Hay momentos en que la vida no golpea, sino que desgarra. Momentos donde no se trata de levantarse, sino de aprender a respirar bajo el agua. Caídas que no pediste, heridas que no provocaste, dolores que nadie advirtió. Y aun así, sigues aquí.
No todo sufrimiento tiene sentido, y no toda adversidad se convierte en virtud. A veces lo que pasa simplemente duele. Y no hay metáfora ni lección que lo justifique. El alma se agota cuando incluso lo que amas deja de sostenerte, cuando todo lo que alguna vez te dio fuerzas se convierte en peso.

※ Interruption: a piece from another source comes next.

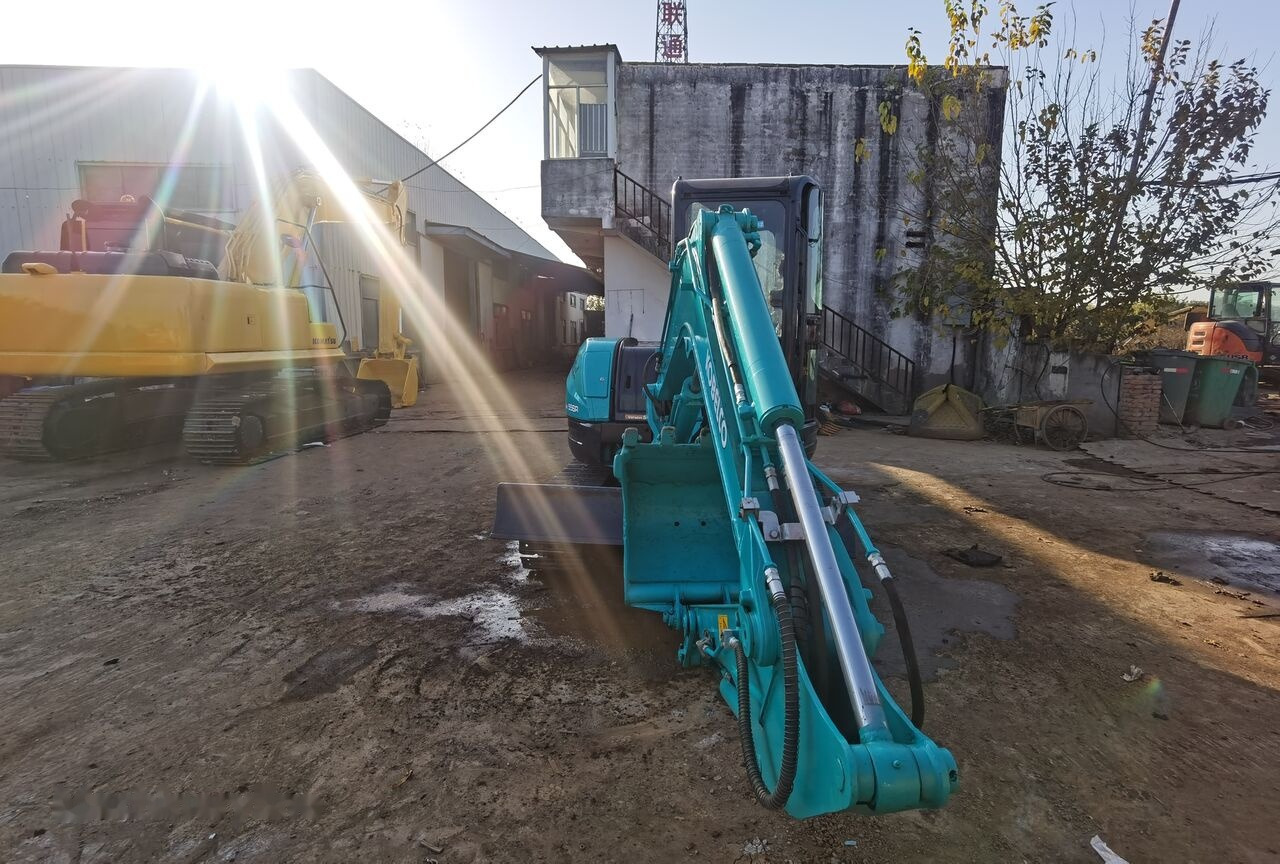 Kobelco SK55 - Мини-экскаватор: фото 5 Kobelco SK55 - Мини-экскаватор: фото 5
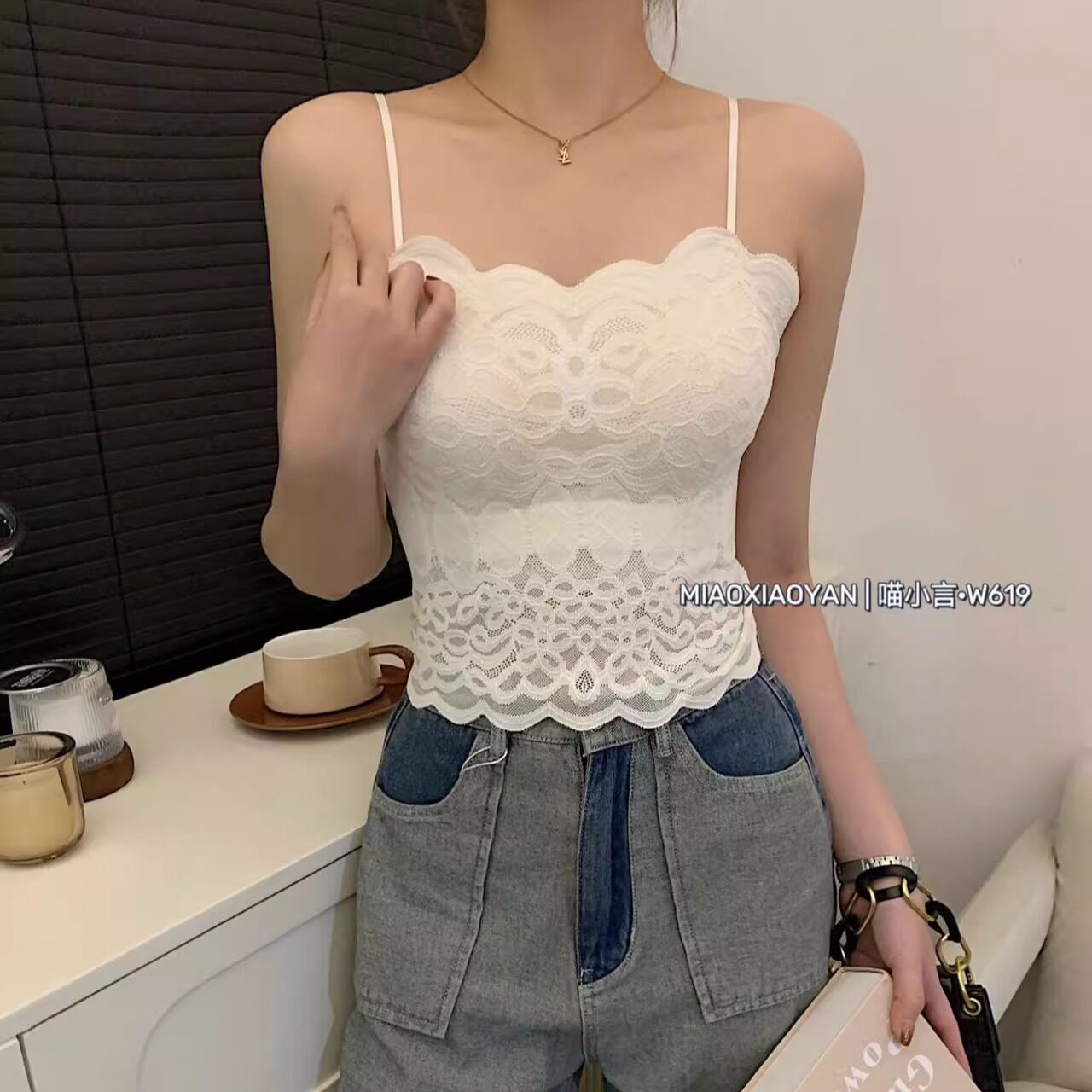 法式蕾丝性感吊带背心美背抹胸式打底内衣女无钢圈文胸带胸垫上衣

Este texto no pretende enseñarte a ser fuerte, porque no se trata de eso. Se trata de permitirte estar roto, sin vergüenza. De dejar de explicar tu tristeza, de soltar la obligación de rendir incluso cuando no puedes más. De dejar de mostrar que estás bien si no lo estás.

A veces, el acto más valiente no es persistir, sino detenerse. Decir “esto me duele”, y permitirte llorar sin sentirte débil. Porque resistir no siempre es luchar de pie: también es resistir cuando eliges no hacer nada, cuando decides simplemente seguir respirando. No somos invencibles. Y no deberíamos pretenderlo. Fingir que no pasa nada es otra forma de romperse.
A veces lo más revolucionario es abrazar tu cansancio sin culpa. Aceptar que el alma necesita descanso, no discursos motivacionales.
Y cuando por fin puedas alzar la vista —aunque sea solo un poco— verás que sigues aquí. No como antes, no como querías. Pero sigues.
Reconstruirse no es volver a ser el de antes. Es aprender a habitar tu nueva forma con ternura.